The problem:
Starting with the line that contains "WPS, or Wi-Fi", copy each line exactly through the end of the listing, and omit all pictures.

Dataset excerpts:
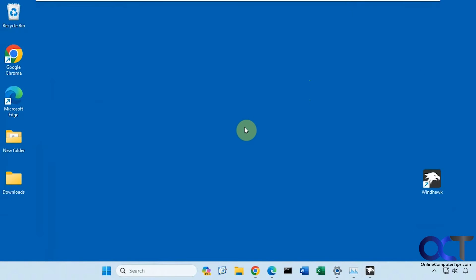Hi, in this video we're going to show you a tool you could use to change the taskbar height and icon size in Windows 11. So this is Windows 11 specific only.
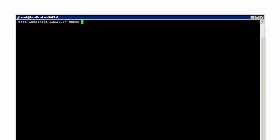To begin, type chmod 744, followed by the filename of the SupportAssist Enterprise installation package, and press Enter.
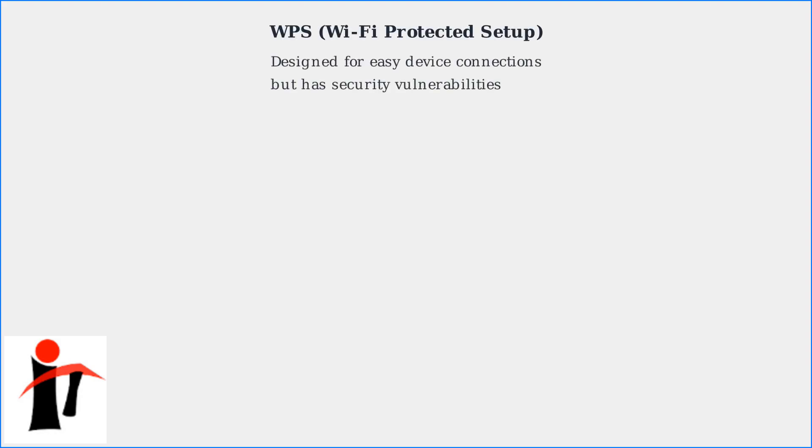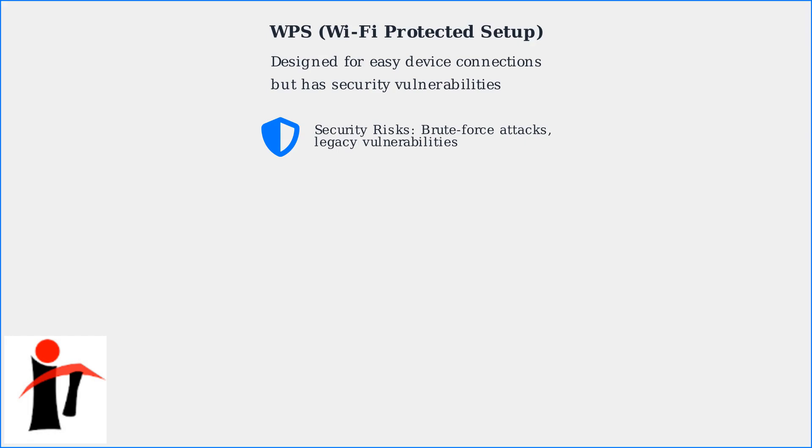WPS, or Wi-Fi Protected Setup, is designed for easy device connections but has security vulnerabilities. Spectrum increasingly disables it by default, pushing users towards app-based or WPA3 encrypted setups.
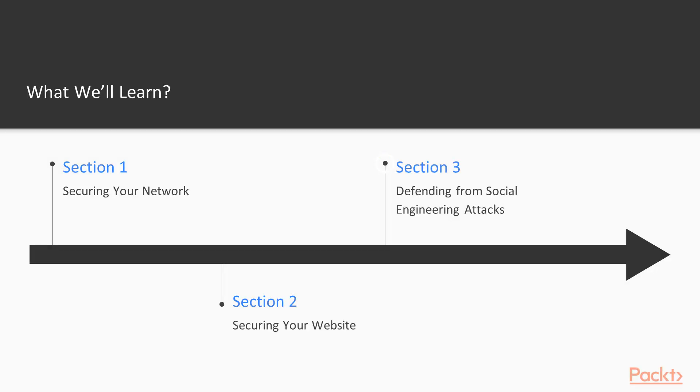In the third section, we'll dive into the dark secrets of social engineering attacks.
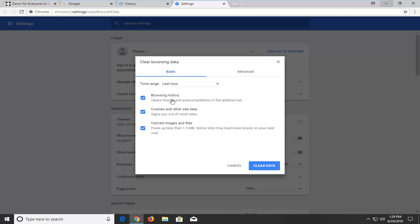If you don't want to clear browsing history, that's fine, but I would highly suggest at least the other two here. And then just select clear data to confirm. Pretty straightforward.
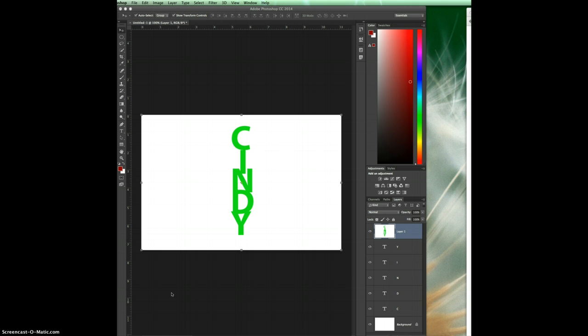So the best way to do this is just to stamp visible layer. And what that does is it creates, as you see I've already done one over here, a layer above all your other layers that flattens it. It's taken all the information from all these layers below and flattened that into one layer.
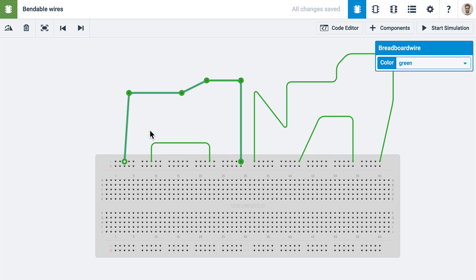You can also use the arrow keys of your keyboard to move it around, which can be very helpful on the breadboard.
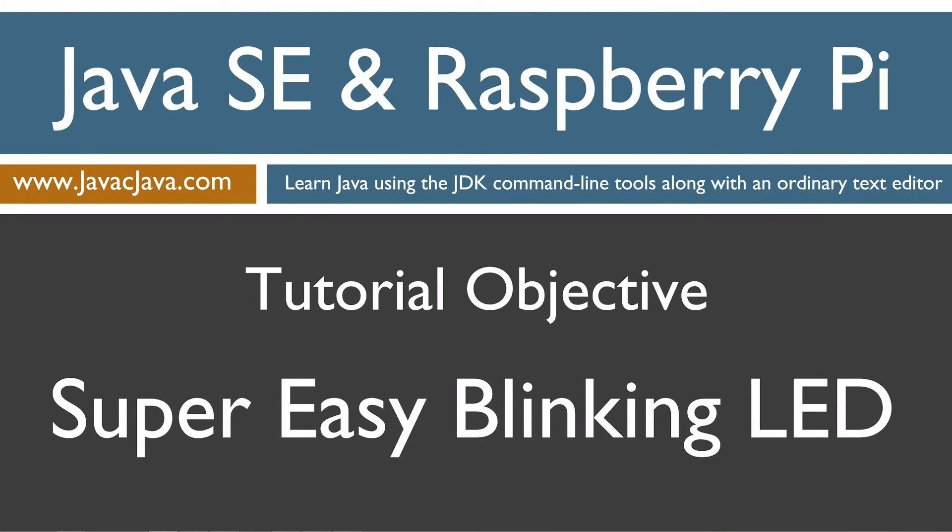Hello everybody, I'm Dan. Welcome to my Java SE and Raspberry Pi programming tutorial series. This tutorial will be about a super easy way to make a blinking LED.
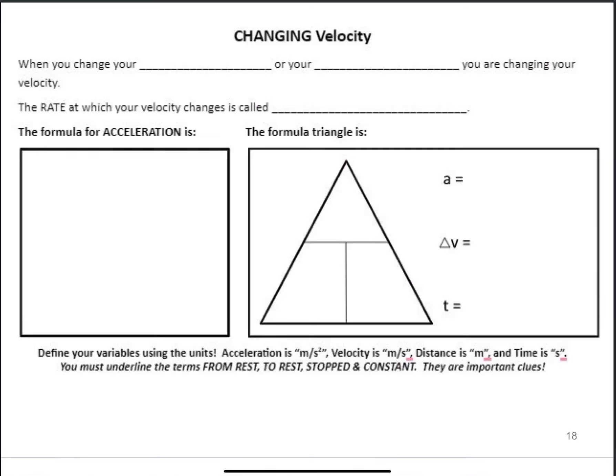Welcome back to the last set of notes for this first portion of our unit on linear motion. This one deals with changing velocity — what happens when things are not constant and instead are changing.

Solved problem:
WPS, or Wi-Fi Protected Setup, is designed for easy device connections but has security vulnerabilities. Spectrum increasingly disables it by default, pushing users towards app-based or WPA3 encrypted setups.
In the third section, we'll dive into the dark secrets of social engineering attacks.
If you don't want to clear browsing history, that's fine, but I would highly suggest at least the other two here. And then just select clear data to confirm. Pretty straightforward.
So the best way to do this is just to stamp visible layer. And what that does is it creates, as you see I've already done one over here, a layer above all your other layers that flattens it. It's taken all the information from all these layers below and flattened that into one layer.
You can also use the arrow keys of your keyboard to move it around, which can be very helpful on the breadboard.
Hello everybody, I'm Dan. Welcome to my Java SE and Raspberry Pi programming tutorial series. This tutorial will be about a super easy way to make a blinking LED.
Welcome back to the last set of notes for this first portion of our unit on linear motion. This one deals with changing velocity — what happens when things are not constant and instead are changing.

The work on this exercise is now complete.